Everyone knows Nixon’s saga, but how about the aforementioned Christopher Cox? Before becoming SEC head in 2005, Cox served as the congressman to Newport Beach, one of the wealthiest cities in the U.S. During a tenure stretching from the Keating 5 to the collapse of Enron, he consistently voted to expand tax loopholes for corporations and soften punishment toward them. Tellingly, around the time of Cox’s nomination, BusinessWeek reported that lobbyists for these companies were “almost giddy at the prospect of Cox” as SEC head. While in office, Cox cut his agency’s enforcement budget, defanging the very watchdogs who were supposed to ensure Wall Street didn’t get us into debacles like the one we’re experiencing now.
One of the trouble spots Cox should have been monitoring, the subprime mortgage industry, also has proud roots in Orange County. The late Roland Arnall pioneered the scheme while head of Long Beach Savings, mentoring many of the CEOs who went on to start other similar companies. Long Beach Savings (actually located in Orange Country) evolved into Ameriquest Mortgage Co., the nation's largest originator of such loans, and the subprime arm of Washington Mutual, which recently became the largest bank to fail in American history. For his vision, Bush appointed Arnell as ambassador to the Netherlands.
And, speaking of ambassadors, let’s talk about George Argyros. The multibillionaire's real-estate company was accused in 2001 by investigators in the district attorney's office of overcharging poor immigrants living in shoddy apartments, but charges were never brought to trial. Argyros was an acquaintence and a donor to Tony Rackauckas, the D.A. In 1998, a lawyer for George Argyros’ company Arnel Management held a fundraiser that raised more than $30,000 for the campaign. Once acquitted, Argyros became ambassador to Spain, an accomplishment presumably owing more to raising $30 million to George W. Bush’s California campaign than any personal connection to the Iberian country. Argyros’ lack of experience showed in his disastrous run: Spaniards loathed him for maneuvering their country into Bush's Coalition of the Willing, and he resigned a couple of months after the March 11, 2004 Madrid bombings.

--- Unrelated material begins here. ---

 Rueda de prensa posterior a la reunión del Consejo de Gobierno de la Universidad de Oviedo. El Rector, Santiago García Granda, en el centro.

Surprisingly, Orange County’s pet project has yet to surface in the current presidential campaign: illegal immigration. Not only did the Minuteman Project begin here, but so did legislation to deny illegal immigrants public benefits and proposals to give sheriff's deputies and police officers immigration powers. Municipalities across the country have emulated with gusto, but McCain and Obama have shied away from such divisiveness. They’re smarter than that: Orange County has caused enough damage to the U.S. in the past couple of years. Better to leave us in the position we best embody: as America’s nut country.
Editor’s Note: This commentary was amended to clarify a $30,000 donation to the campaign of Orange County D.A. Tony Rackauckas. In 1998, a lawyer for George Argyros’ company Arnel Management held a fundraiser that raised more than $30,000 for the campaign.
Gustavo Arellano writes the widely syndicated “Ask A Mexican” column for OC Weekly and is the author of Orange County: A Personal History, recently published by Scribner.